Archive for Sampling

The Insignificance of ORB

Posted in Bad Statistics with tags , , , on April 5, 2016 by telescoper

A piece about opinion polls ahead of the EU Referendum which appeared in today’s Daily Torygraph has spurred me on to make a quick contribution to my bad statistics folder.

The piece concerned includes the following statement:

David Cameron’s campaign to warn voters about the dangers of leaving the European Union is beginning to win the argument ahead of the referendum, a new Telegraph poll has found.

The exclusive poll found that the “Remain” campaign now has a narrow lead after trailing last month, in a sign that Downing Street’s tactic – which has been described as “Project Fear” by its critics – is working.

The piece goes on to explain

The poll finds that 51 per cent of voters now support Remain – an increase of 4 per cent from last month. Leave’s support has decreased five points to 44 per cent.

This conclusion is based on the results of a survey by ORB in which the number of participants was 800. Yes, eight hundred.

How much can we trust this result on statistical grounds?

Suppose the fraction of the population having the intention to vote in a particular way in the EU referendum is p. For a sample of size n with x respondents indicating that they hen one can straightforwardly estimate p \simeq x/n. So far so good, as long as there is no bias induced by the form of the question asked nor in the selection of the sample which, given the fact that such polls have been all over the place seems rather unlikely.

A little bit of mathematics involving the binomial distribution yields an answer for the uncertainty in this estimate of p in terms of the sampling error:

\sigma = \sqrt{\frac{p(1-p)}{n}}

For the sample size of 800 given, and an actual value p \simeq 0.5 this amounts to a standard error of about 2%. About 95% of samples drawn from a population in which the true fraction is p will yield an estimate within p \pm 2\sigma, i.e. within about 4% of the true figure.

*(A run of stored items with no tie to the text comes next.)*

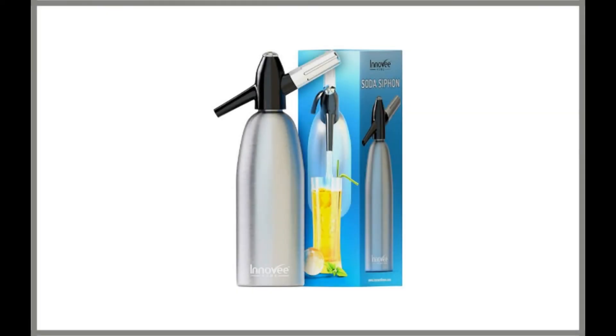Innovee Soda Siphon — our next best alternative. It will definitely make a great choice for fizzy water lovers who want a sweet spot between reliability and affordability.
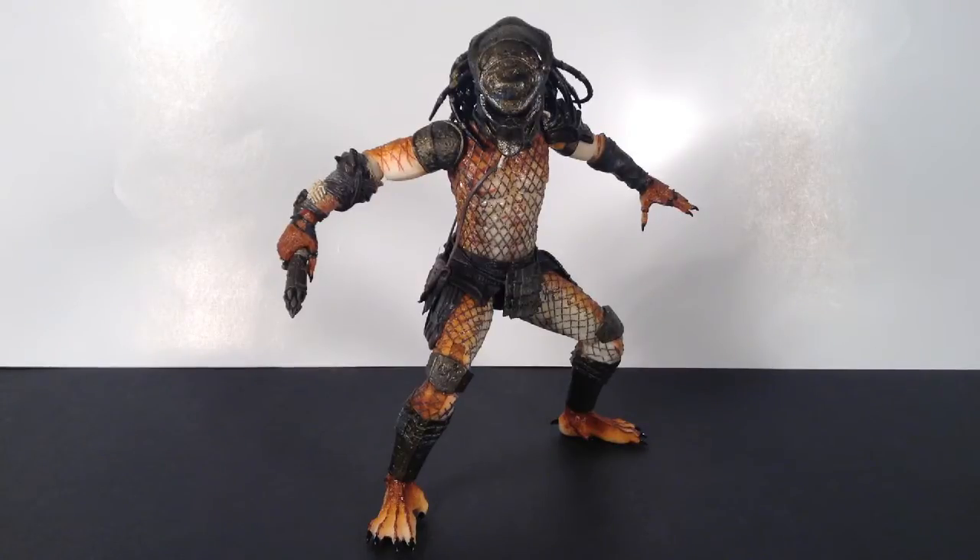The best part of this figure is definitely the paint and sculpt. I think NECA did a really great job — even though he doesn't have much, if you look at the small details like the wrist piece and the mask, you really appreciate NECA's sculpt and paint work. I got mine for about $25 to $30 at a local comic book shop. I'm really surprised I found it there since he's from Series 5 and they're already up to Series 14, so it was kind of rare. If you want one, he's between $30 and $35 on Amazon and eBay.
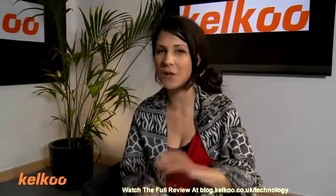Hi, I'm Abi. Welcome to the Kelku Review Show. Today we're going to be looking at camcorders for your home movie making.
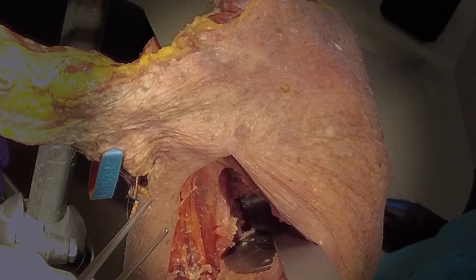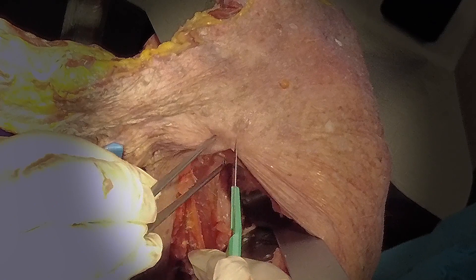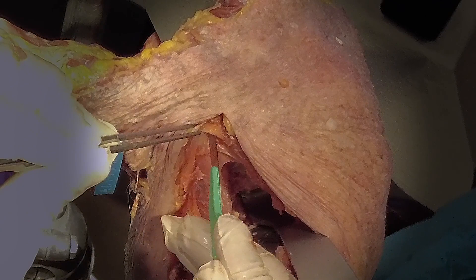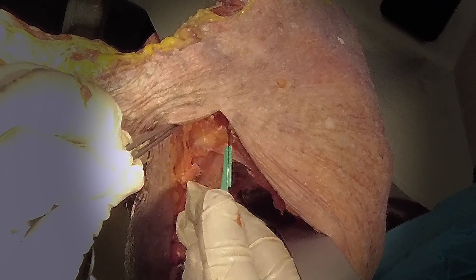Next, we move on to exposure of the coracoid. I am extending the incision slightly here because it's a cadaver for adequate visualization, but you don't typically have to do this. With GPS and coracoid block placement, my incision is typically only one centimeter longer. I don't typically go this medial — I'm just doing that to improve exposure for this video. I'm removing the soft tissue overlying the coracoid, mostly fat in this case.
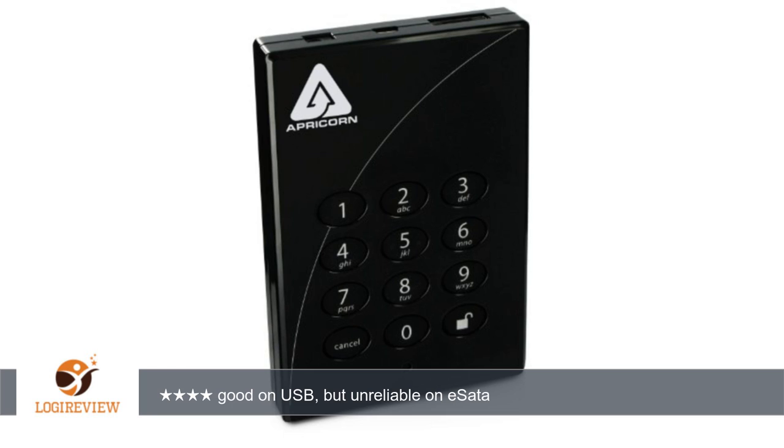A customer wrote: I love the Apricorn padlock drive. I have two — one regular 640 and one Pro 640. Both performed with acceptable speeds for an encrypting device.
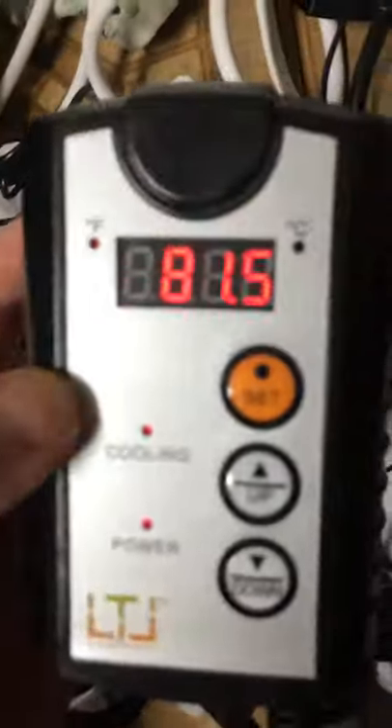It handles up to 1,000 watts total power output. This wonderful product is available on growace.com.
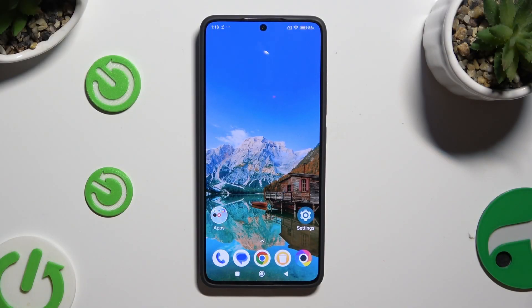In front of me is the Poco X6 Pro, and today I would like to show you how you can turn on high performance mode.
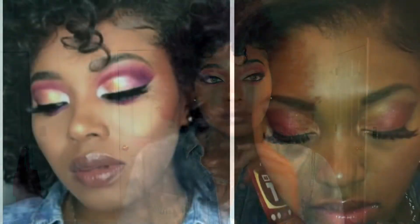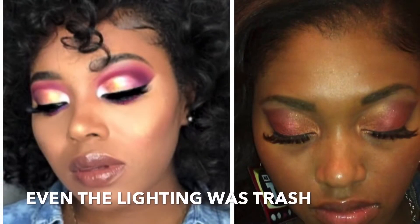Hey Rose Petals and Rose Fellows, it is Candice Rose and in today's video I am going to be recreating my makeup look — a makeup look from back in 2013. Based off these before pictures, it looks like I did not understand the concept of highlighting, contouring, primers, or base. Because even them eyebrows is looking real sketch. So if you want to see how I recreated this look, keep on watching.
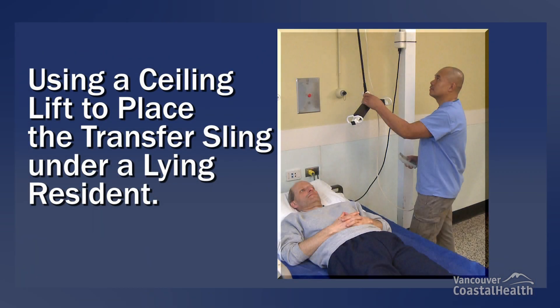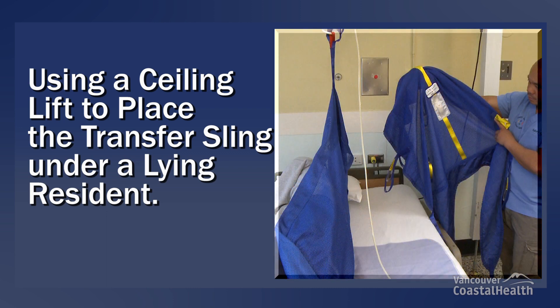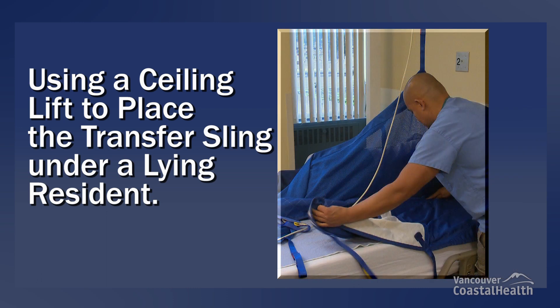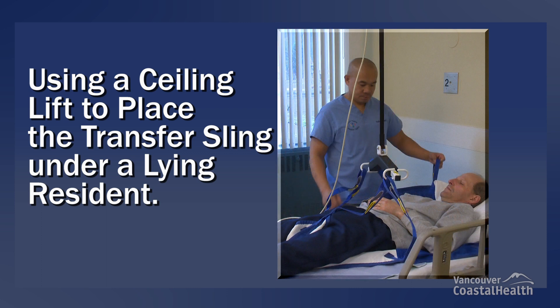Using a ceiling lift to place the transfer sling under a lying resident. It can be physically challenging to place a transfer sling under a resident who is lying in bed and requires more than minimal assistance to turn in bed. Using a ceiling lift to turn the resident in bed will enable the caregiver to place the transfer sling under the resident with very little physical exertion, therefore minimizing the risk of musculoskeletal injury for the caregiver.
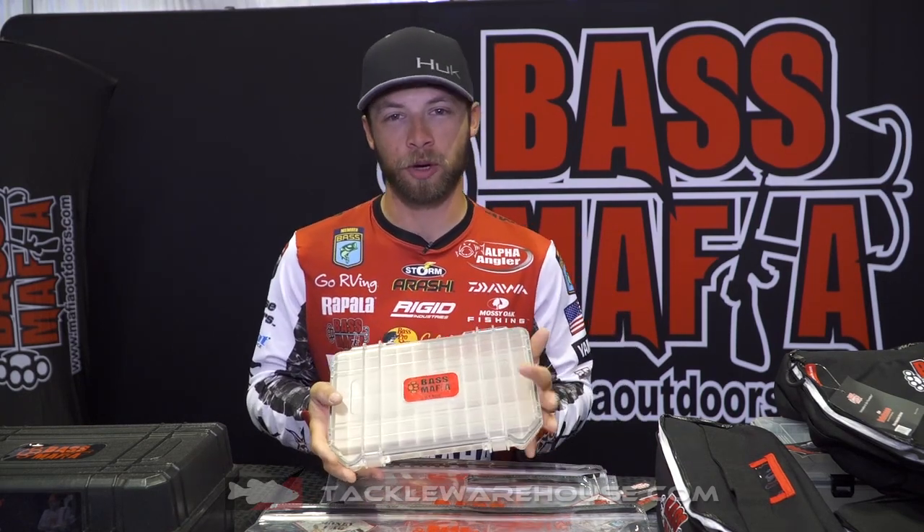What's up, everyone? Brandon Polnick here coming at you with another brand new product from Bass Mafia. This is going to be called the Ice Box, or you could call it the Glass Coffin. Either one.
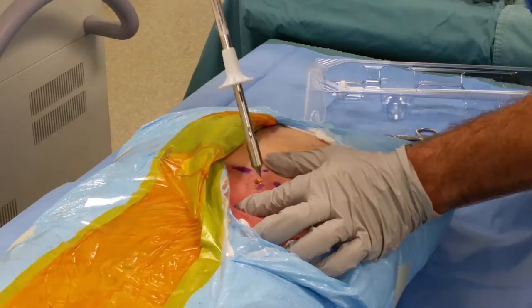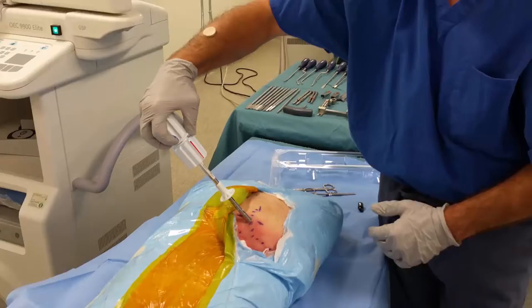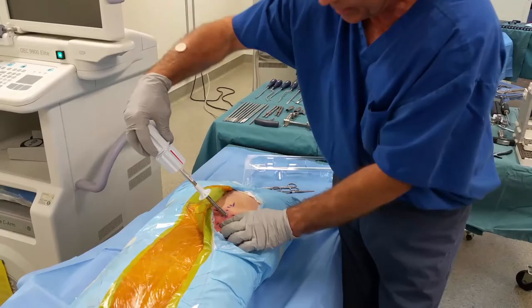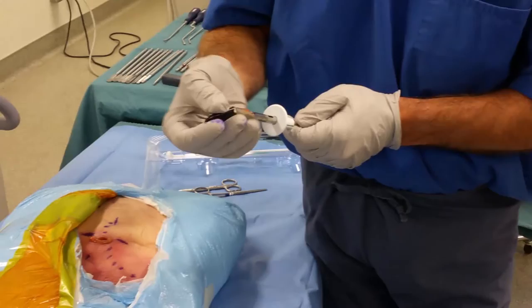The trocar tip is going to sit on the bone, and it's an oscillating motion, just like that. If you notice, I'm coming in at an angle about 30 degrees from vertical. A lot of surgeons will erroneously go posterior to anterior, but that's not how the pelvis goes, so you want to make sure that they don't. And there's a stop on this, so I'm not going to go too far.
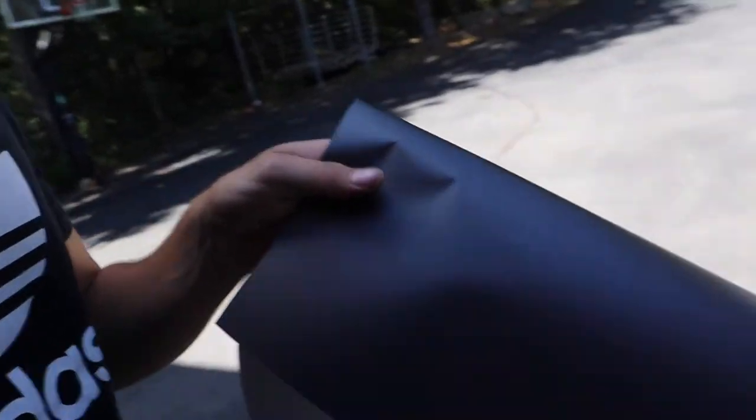What's going on everybody, welcome back to the channel. Today's a very special day — we're going to be wrapping the A4. Super excited, definitely been wanting to do this for a long time. The color I chose is a matte charcoal metallic by Avery. I've got a piece of it over here — this is what it looks like, pretty sweet color.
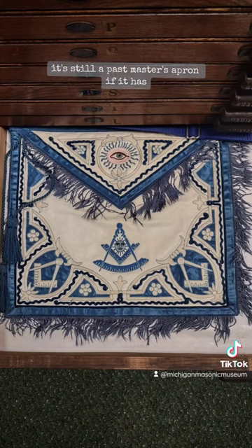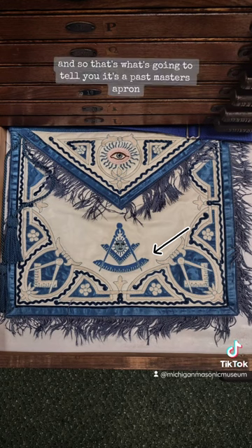It might have the square on there and it might not have the square — it's still a Past Master's apron either way. Some people call it a rocker or a quadrant, and that's what's going to tell you it's a Past Master's apron.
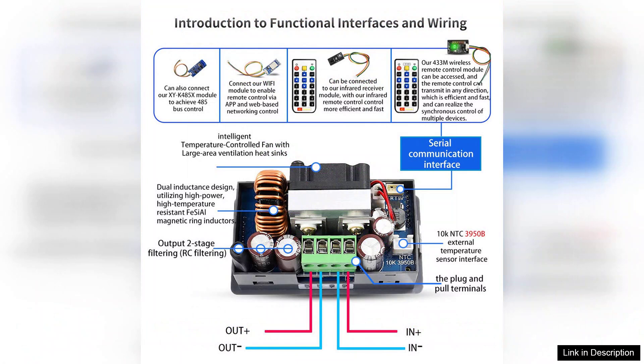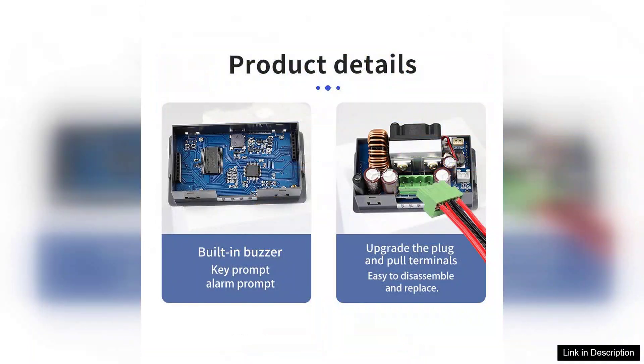The power supply is also equipped with a sturdy power switch and an input voltage range that supports various power sources, making it a flexible choice for different setups. However, it's worth noting that while the manual is somewhat lacking in detail, the intuitive design compensates for this shortfall.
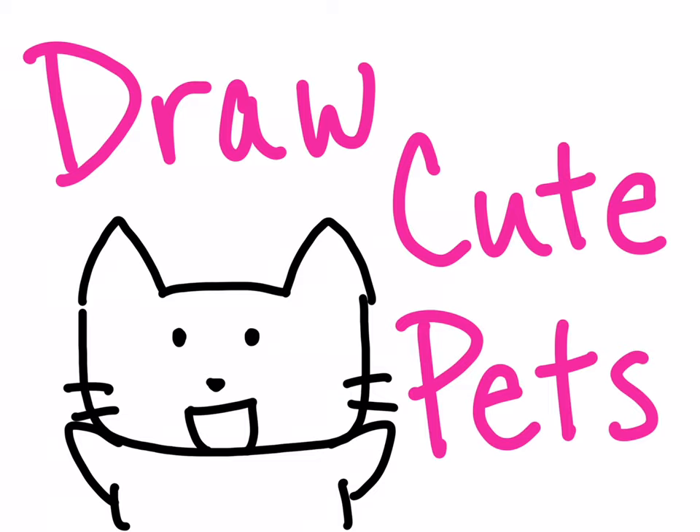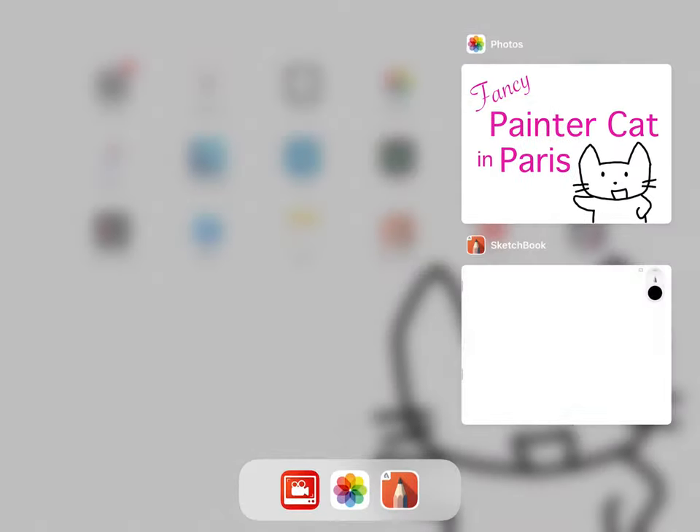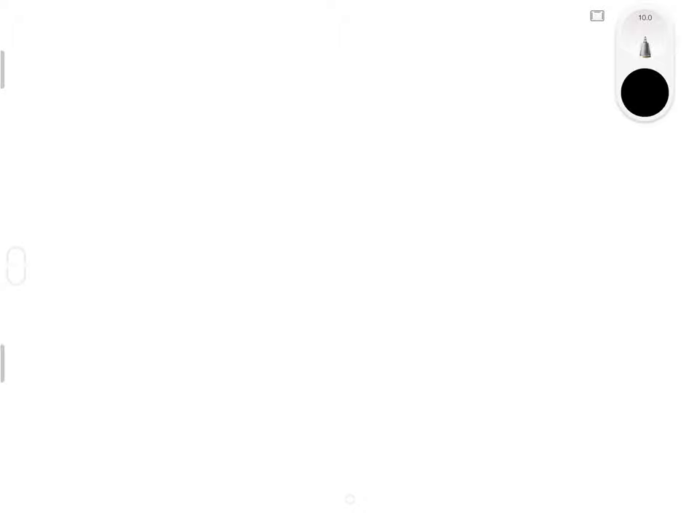Hi everybody, this is Yuki and welcome to Draw Cute Pets. Today we are traveling to France to learn how to draw a fancy painter cat in Paris. So let's get started. We're going to begin with the hat that this cat is wearing called a beret. We'll start with a curved line that goes to the left and comes right back, then it slopes down, becomes bigger, and comes back up to where we started. There's a small button in the middle so we're going to make this tiny U shape, and with the hat we're all done.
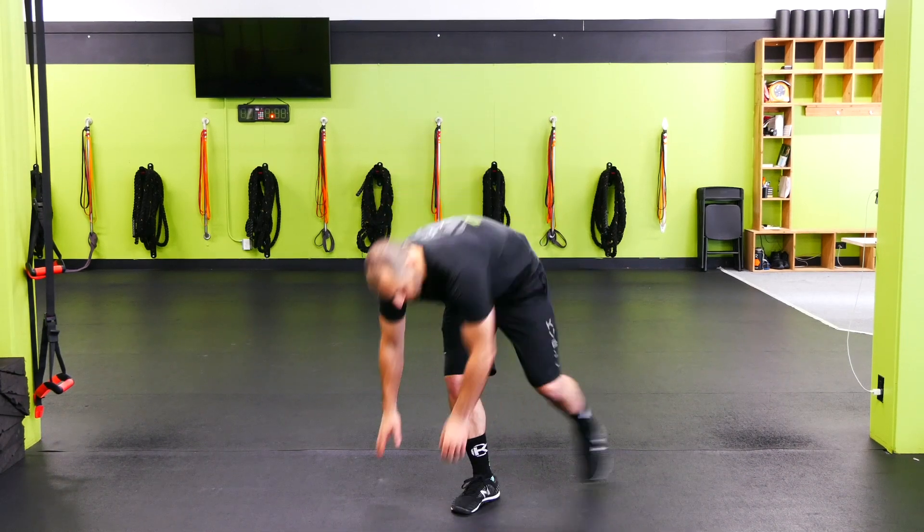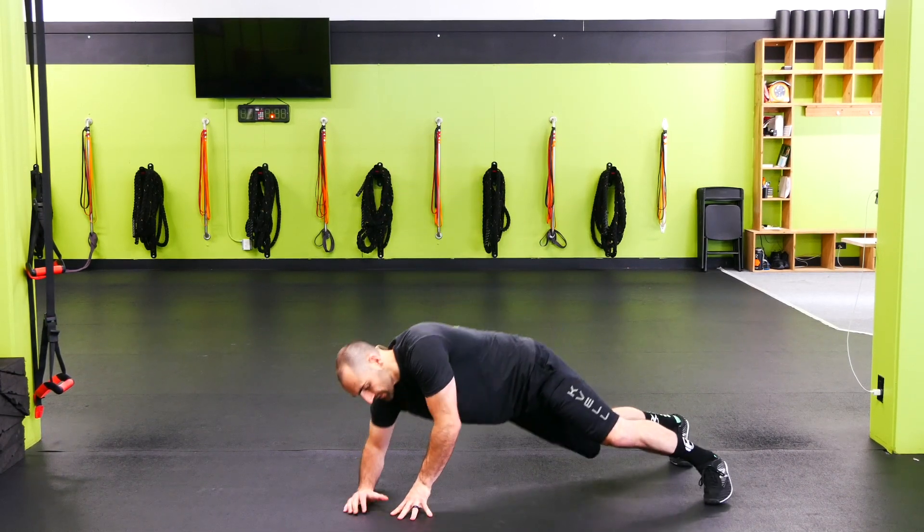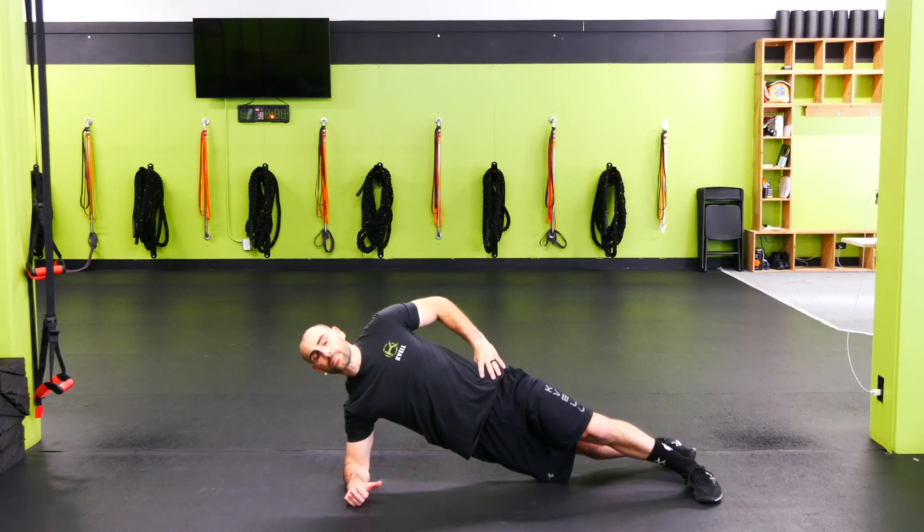Side plank crunch with leg lift. Getting into a side plank position — on the hand or the elbow is fine. We're going to keep a good, straight position.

In other words the typical variation between two samples drawn from the same underlying population is about 4%. In other other words, the change reported between the two ORB polls mentioned above can be entirely explained by sampling variation and does not at all imply any systematic change of public opinion between the two surveys.

I need hardly point out that in a two-horse race (between “Remain” and “Leave”) an increase of 4% in the Remain vote corresponds to a decrease in the Leave vote by the same 4% so a 50-50 population vote can easily generate a margin as large as  54-46 in such a small sample.

Why do pollsters bother with such tiny samples? With such a large margin error they are basically meaningless.

I object to the characterization of the Remain campaign as “Project Fear” in any case. I think it’s entirely sensible to point out the serious risks that an exit from the European Union would generate for the UK in loss of trade, science funding, financial instability, and indeed the near-inevitable secession of Scotland. But in any case this poll doesn’t indicate that anything is succeeding in changing anything other than statistical noise.

Statistical illiteracy is as widespread amongst politicians as it is amongst journalists, but the fact that silly reports like this are commonplace doesn’t make them any less annoying. After all, the idea of sampling uncertainty isn’t all that difficult to understand. Is it?

And with so many more important things going on in the world that deserve better press coverage than they are getting, why does a “quality” newspaper waste its valuable column inches on this sort of twaddle?